Riverbank Army Ammunition Plant is located just outside Riverbank, California, in Stanislaus County. The facility was built in 1942 as an aluminum reduction plant operated by Alcoa producing 48,000 tons per year for World War II aircraft manufacture until 1944. It was reactivated in 1951 for the Korean War and was the United States' largest producer of steel cartridge cases until 1958. It reopened in 1966 manufacturing mortar shells and projectiles for the Vietnam War and remained in production until 1981. The facility includes 192 buildings on 172 acre.

In 2005, the 2005 Base Realignment and Closure Commission recommended that the base be closed and its functions transferred to Rock Island Arsenal. The Riverbank Local Redevelopment Authority assumed responsibility for the site in 2010.
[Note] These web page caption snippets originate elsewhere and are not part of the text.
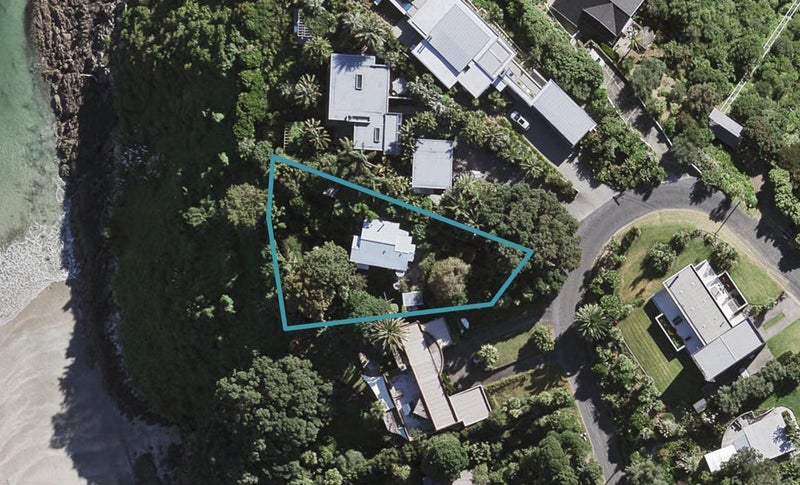 22 Matapana Road, Palm Beach, Waiheke Island - Carousel 1
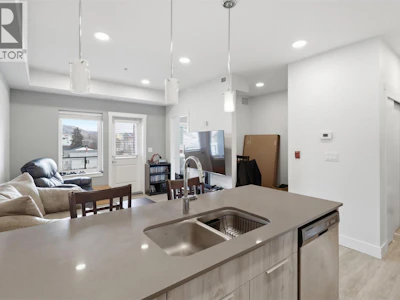 301-107 Yew Street - 4
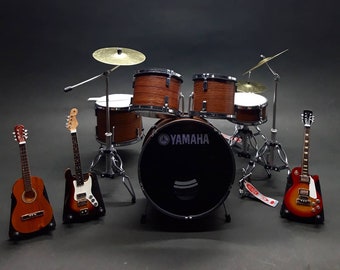 Miniature Drum Yamaha Brown Exclusive And Miniature Guitar For Display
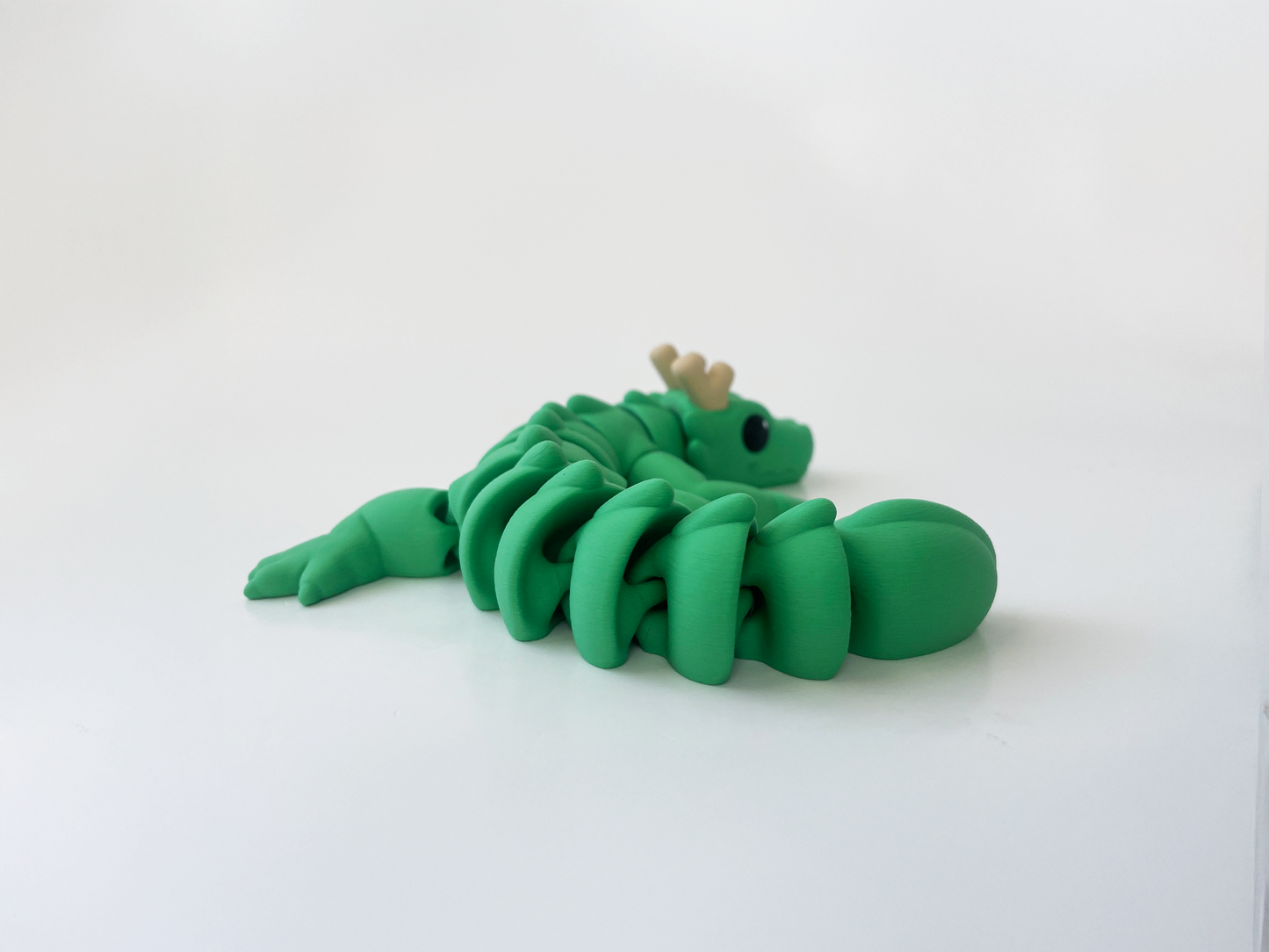 Zou's Green Dragon Fidget Toy- - Medium High-Quality 3D Printed Articulated Dragon for Tabletop Tactile Play & Stress Relief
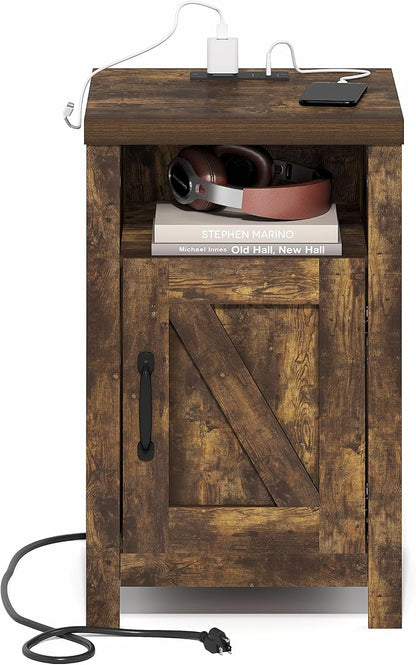 Furinno Farmhouse Night Stand with Charging Station, Bedside Table, Side Table, End Table with Door, USB Ports and Outlets, for Bedroom, Closet, Dorm, Amber Oak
In 2022, Aemetis acquired a 24-acre Site in Riverbank, California, for carbon capture and sequestration injection wells. Part of the 125-acre Riverbank Industrial Complex, the site is planned for the annual permanent sequestration of 1 million metric tonnes of carbon dioxide from industrial and agricultural sources. Aemetis has a mission to transform renewable energy with below zero carbon intensity transportation fuels. Aemetis has launched the Carbon Zero production process to decarbonize the transportation sector using today's infrastructure.